# Task instructions
Write the records out again exactly as they read, dropping any picture they hold.

(Stored dataset items)

● ● ● ● ● ● ●

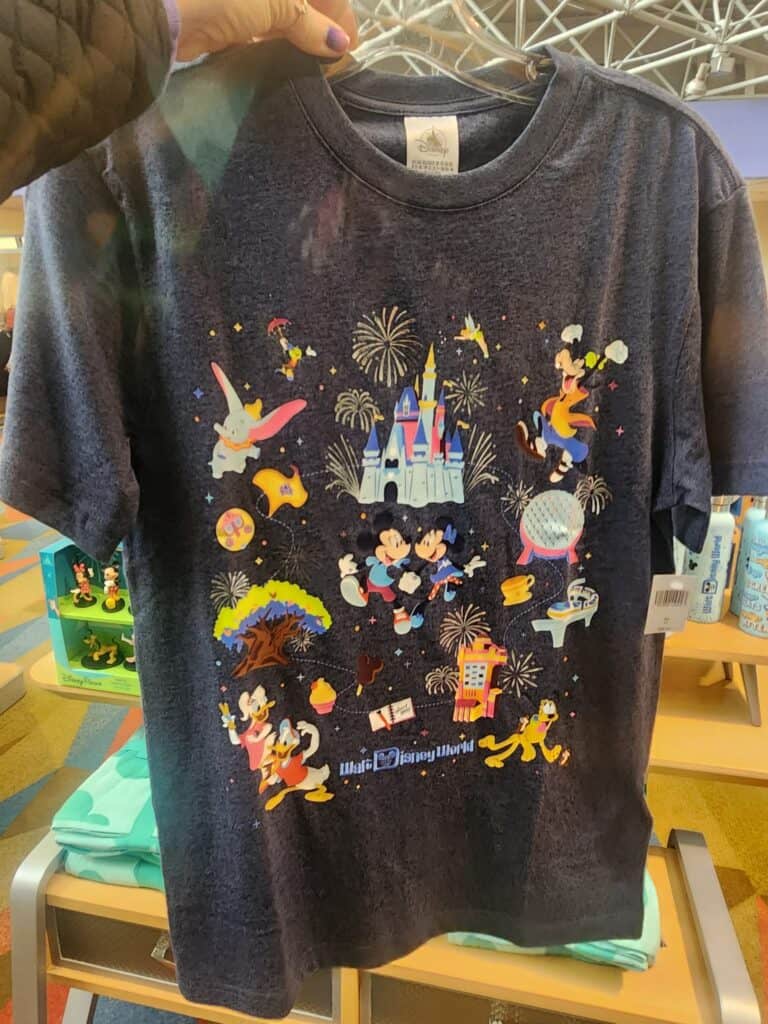 Colorful Disney theme T-shirt featuring Mickey Mouse, Minnie Mouse, and Disney castle with fireworks.
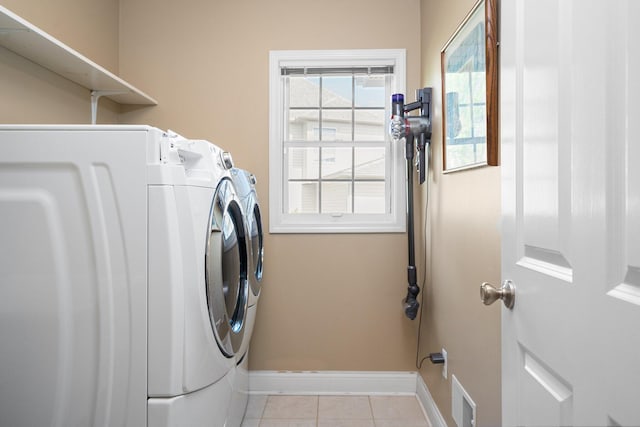 1433 Bicentennial Pkwy, Ann Arbor, MI 48108 - clothes washing area featuring washing machine and dryer, baseboards, and tile patterned floors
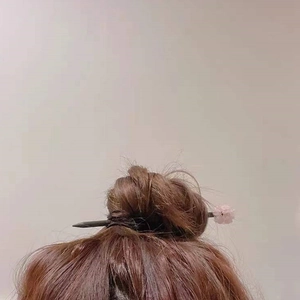 Detail view of a pink cherry blossom hair pin styled in a bun with natural amethyst stones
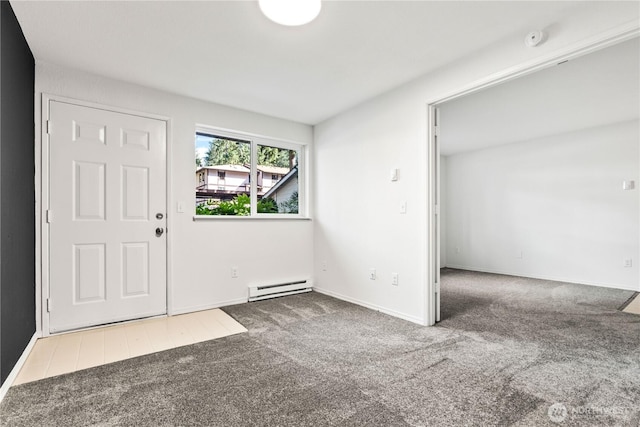 interior space featuring baseboards and baseboard heating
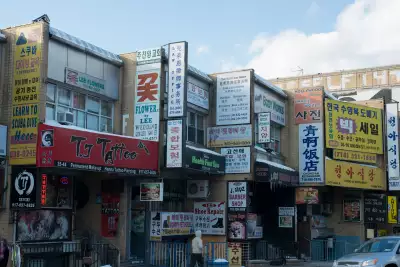 Bilingual shop signs on a street in Flushing&rsquo;s Chinatown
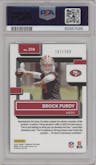 Brock Purdy from the 2022 Panini Donruss set featuring a Season Stat Line parallel graded by PSA and given an overall grade of 10.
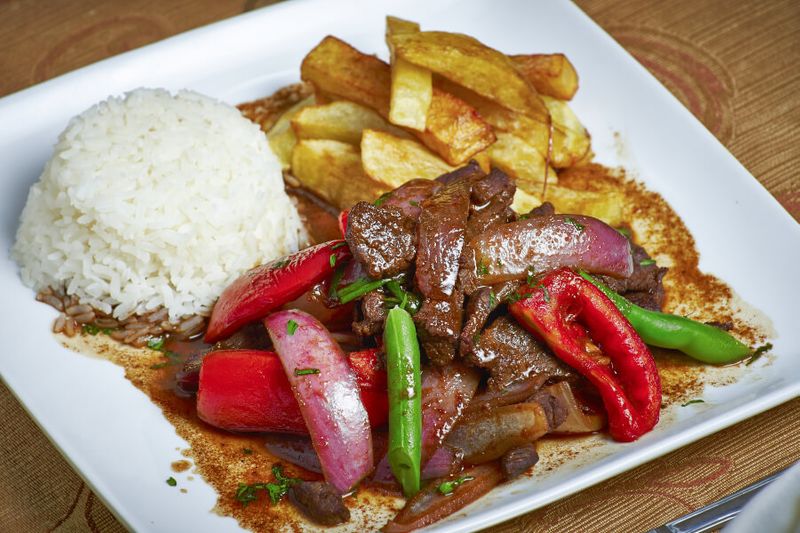 A Peruvian dish called Lomo Saltado served with rice.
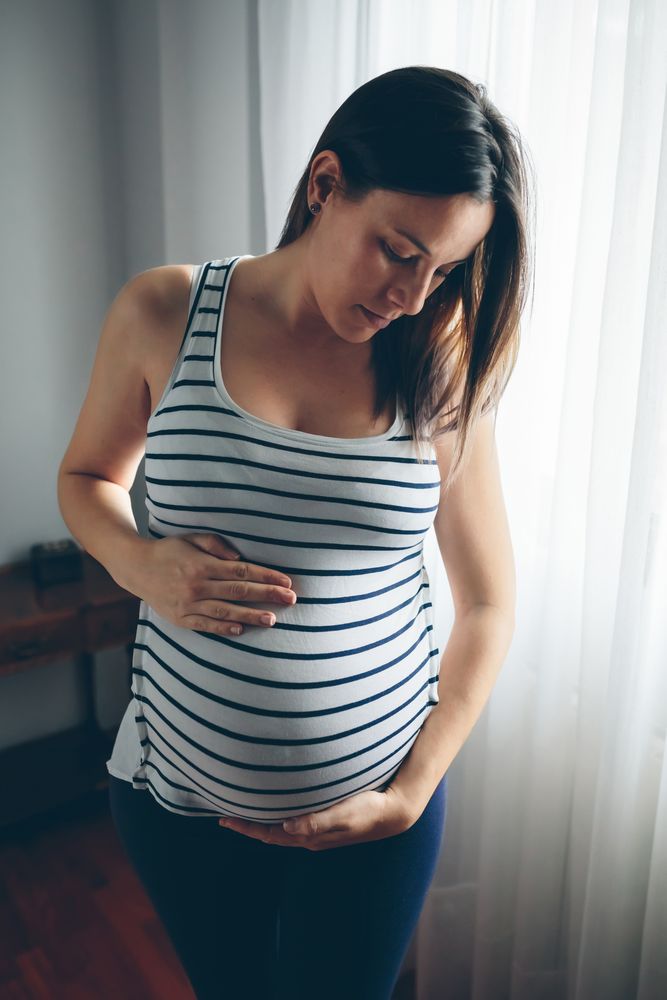 Pregnant woman looking her belly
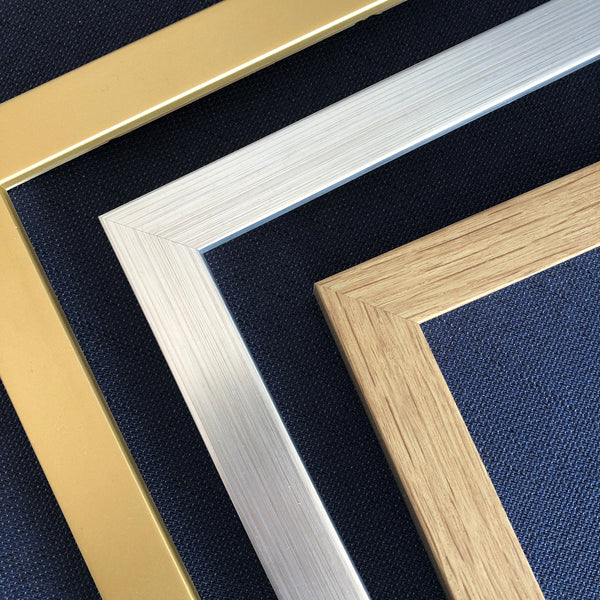 Close up image of 3 frame colour options - gold, silver and oak effect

● ● ● ● ● ● ●

# Answer below
 Colorful Disney theme T-shirt featuring Mickey Mouse, Minnie Mouse, and Disney castle with fireworks.
 1433 Bicentennial Pkwy, Ann Arbor, MI 48108 - clothes washing area featuring washing machine and dryer, baseboards, and tile patterned floors
 Detail view of a pink cherry blossom hair pin styled in a bun with natural amethyst stones
 interior space featuring baseboards and baseboard heating
 Bilingual shop signs on a street in Flushing&rsquo;s Chinatown
 Brock Purdy from the 2022 Panini Donruss set featuring a Season Stat Line parallel graded by PSA and given an overall grade of 10.
 A Peruvian dish called Lomo Saltado served with rice.
 Pregnant woman looking her belly
 Close up image of 3 frame colour options - gold, silver and oak effect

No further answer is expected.